Falar sobre a Estocolmo é empreitada complexa e certamente seria impossível fazer isso de maneira profunda após ter passado três dias na cidade durante uma viagem de imprensa e intercâmbio em companhia de Semayat Oliveira que aconteceu em função da campanha Armadas de Informação promovida Diálogos Nórdicos, um projeto das embaixadas nórdicas no Brasil (Dinamarca, Finlândia, Noruega e Suécia) e do Instituto Cultural da Dinamarca em parceria com o Instituto Patrícia Galvão, Marcha das Mulheres Negras de São Paulo, Blogueiras Negras, Mídia Índia, Ação Educativa e Nós, Mulheres da Periferia.
AVANÇAMOS BASTANTE – NÃO?
O contato com Estocolmo se estreitou desde a minha participação no Seminário Internacional Equidade de Gênero em Brasília. O seminário contemplou uma exposição chamada Igualdade de gênero, avançamos bastante – não?, indagação que possivelmente motivou Per-Arne Hjelmborn, então Embaixador da Suécia no Brasil a afirmar que “Embora de acordo com muitos rankings internacionais a Suécia ocupe as mais altas colocações em questões de gênero, estamos longe de estar prontos. Como o título da mostra sugere, sim, nós percorremos um longo do caminho, mas nós ainda não terminamos”.

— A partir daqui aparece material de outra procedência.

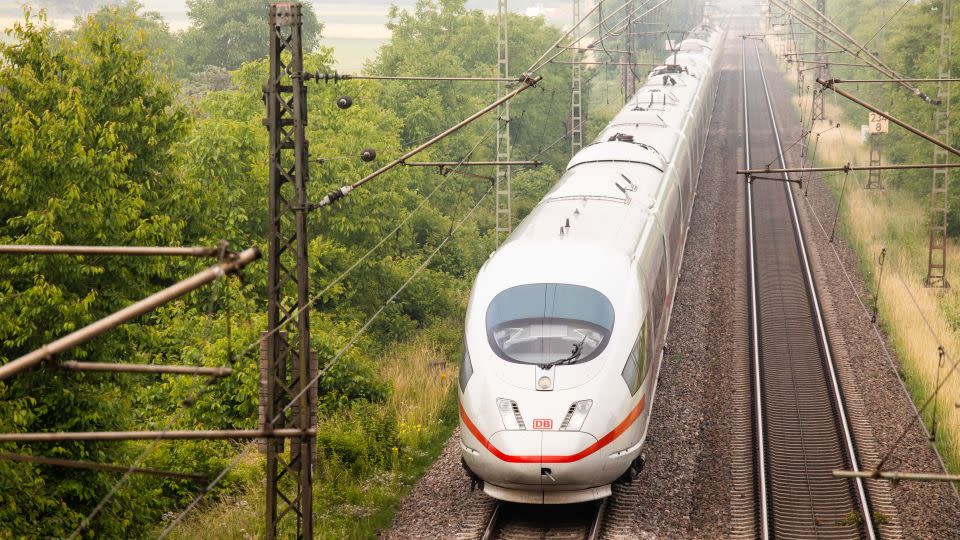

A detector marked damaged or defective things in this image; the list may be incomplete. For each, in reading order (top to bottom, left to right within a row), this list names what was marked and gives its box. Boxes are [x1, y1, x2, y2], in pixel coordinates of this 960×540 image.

rusty metal pole [262, 3, 316, 536]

Essa seria uma das perguntas fundamentais que tinha na cabeça durante toda nossa viagem e que uma perspectiva interseccional nos ajudou a nos aproximar um pouco mais de uma sociedade complexa e de suas narrativas construídas sobre a igualdade de gênero, através do diálogo com mulheres vivendo em diferentes realidades.
VOCÊ FALA SUECO?
A experiência de viajar para outro lado do mundo, especialmente a Europa, nos faz olhar para a nossa realidade com outros olhos. E uma delas é a ferramenta com a qual nos comunicamos, o idioma. A gente sabe que no Brasil, falar um idioma estrangeiro muitas vezes define uma oferta seletiva de oportunidades.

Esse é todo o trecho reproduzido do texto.